WORK ITEM
Restate, word for word and with no pictures, the stretch of lines in the data below that begins at the line with "Кадыров отреагировал на" and ends at the line with "10815 Baltimore National Pike, MYERSVILLE", inclusive.

ENTRIES SUPPLIED
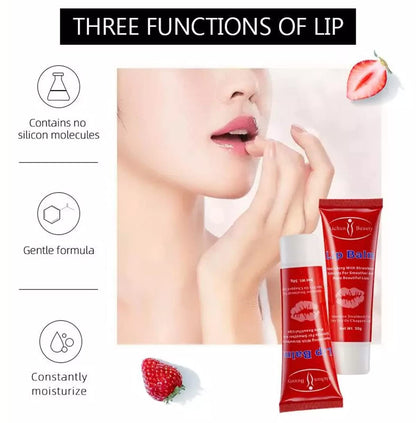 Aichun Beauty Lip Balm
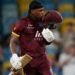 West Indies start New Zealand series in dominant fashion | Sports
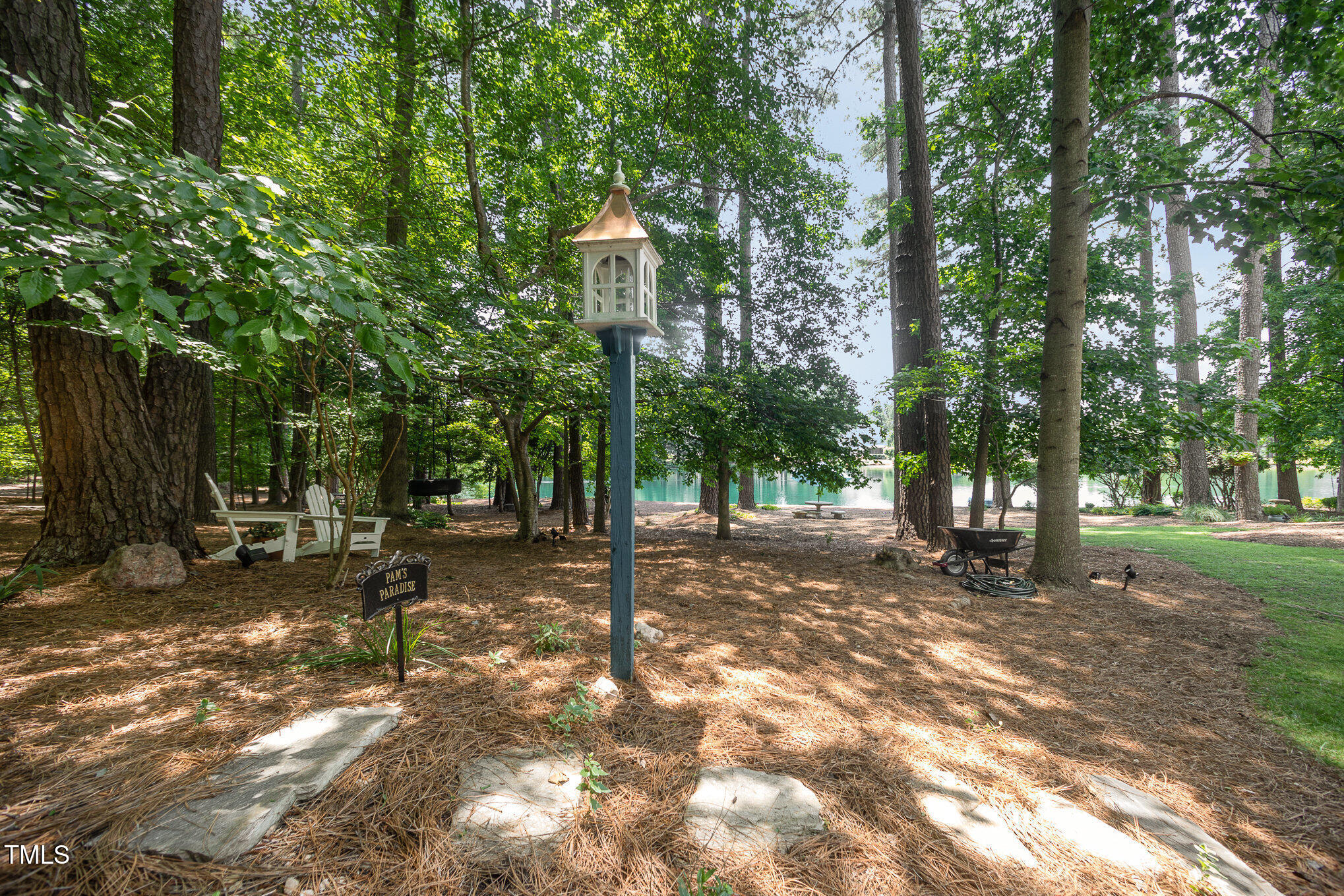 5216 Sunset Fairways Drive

--

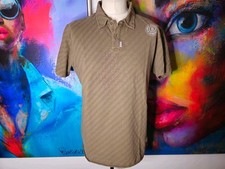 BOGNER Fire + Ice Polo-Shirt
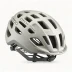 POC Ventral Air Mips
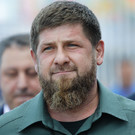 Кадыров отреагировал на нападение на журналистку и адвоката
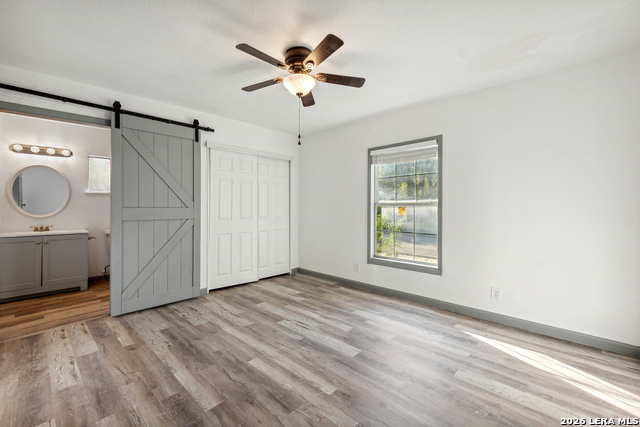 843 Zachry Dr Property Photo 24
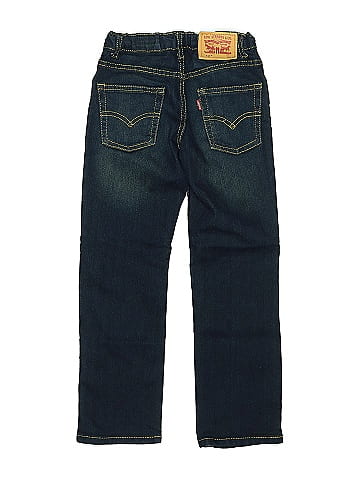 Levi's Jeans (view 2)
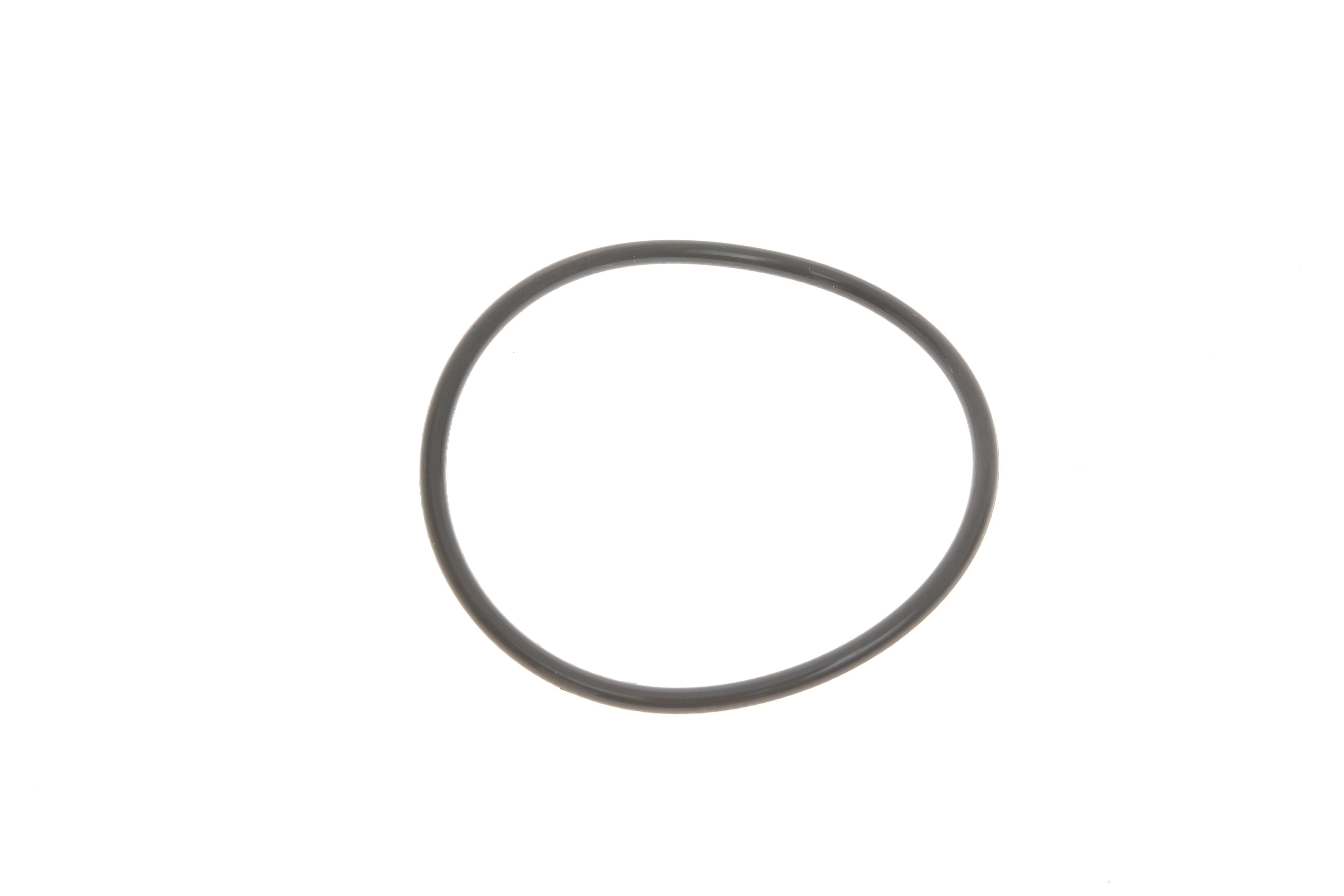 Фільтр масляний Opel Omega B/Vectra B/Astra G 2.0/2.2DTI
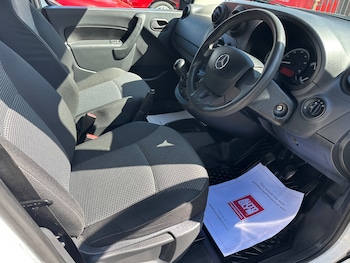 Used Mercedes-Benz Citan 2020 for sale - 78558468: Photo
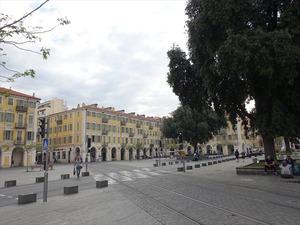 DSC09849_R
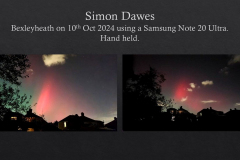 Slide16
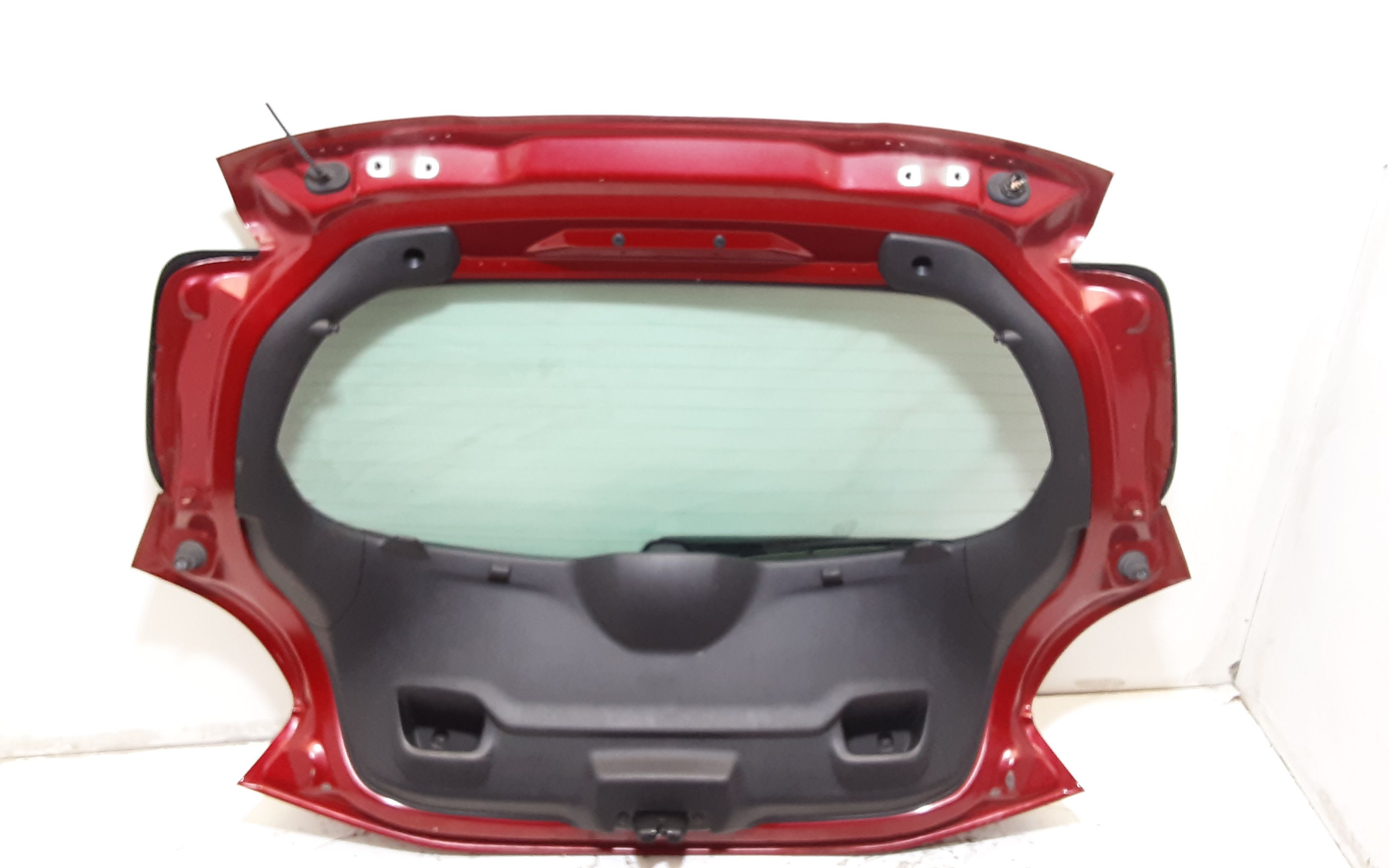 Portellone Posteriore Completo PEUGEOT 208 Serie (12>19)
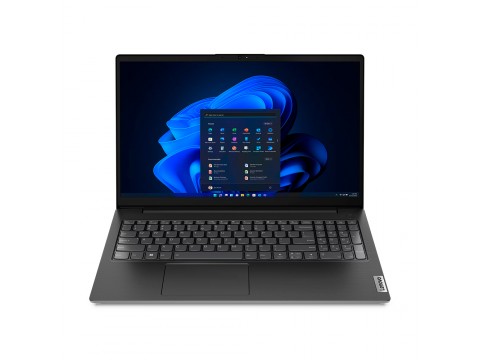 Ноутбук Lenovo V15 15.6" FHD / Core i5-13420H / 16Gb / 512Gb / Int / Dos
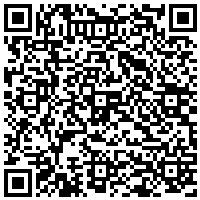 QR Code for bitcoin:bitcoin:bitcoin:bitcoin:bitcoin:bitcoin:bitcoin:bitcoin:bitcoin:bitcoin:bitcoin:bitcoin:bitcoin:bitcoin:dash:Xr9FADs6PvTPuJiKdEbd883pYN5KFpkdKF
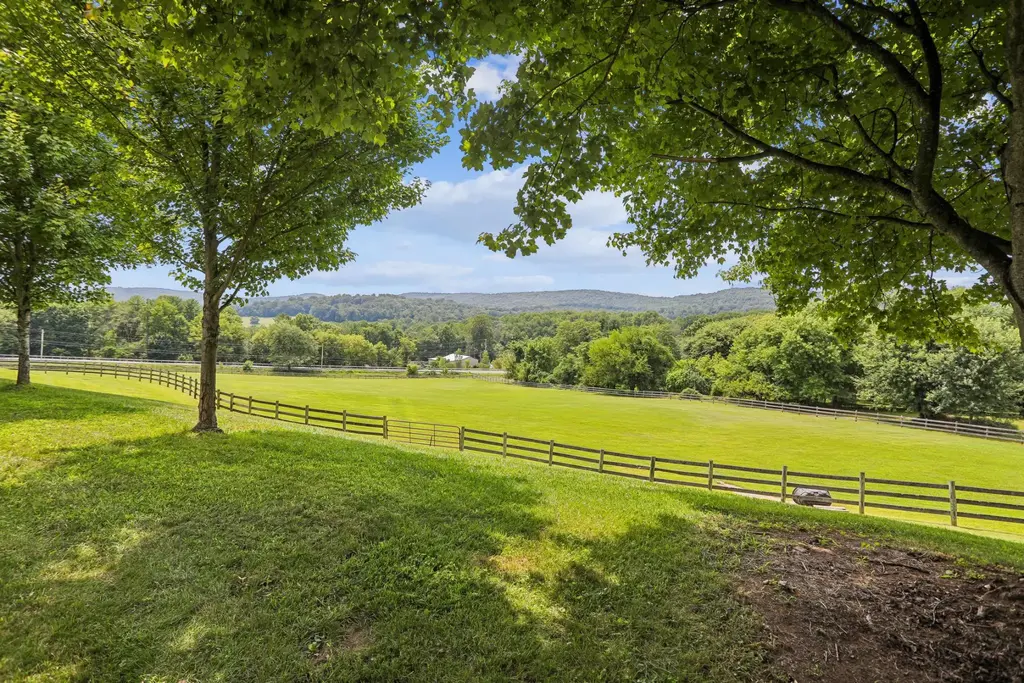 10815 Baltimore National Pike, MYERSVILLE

EXPECTED ANSWER
 Кадыров отреагировал на нападение на журналистку и адвоката
 843 Zachry Dr Property Photo 24
 Levi's Jeans (view 2)
 Фільтр масляний Opel Omega B/Vectra B/Astra G 2.0/2.2DTI
 Used Mercedes-Benz Citan 2020 for sale - 78558468: Photo
 DSC09849_R
 Slide16
 Portellone Posteriore Completo PEUGEOT 208 Serie (12>19)
 Ноутбук Lenovo V15 15.6" FHD / Core i5-13420H / 16Gb / 512Gb / Int / Dos
 QR Code for bitcoin:bitcoin:bitcoin:bitcoin:bitcoin:bitcoin:bitcoin:bitcoin:bitcoin:bitcoin:bitcoin:bitcoin:bitcoin:bitcoin:dash:Xr9FADs6PvTPuJiKdEbd883pYN5KFpkdKF
 10815 Baltimore National Pike, MYERSVILLE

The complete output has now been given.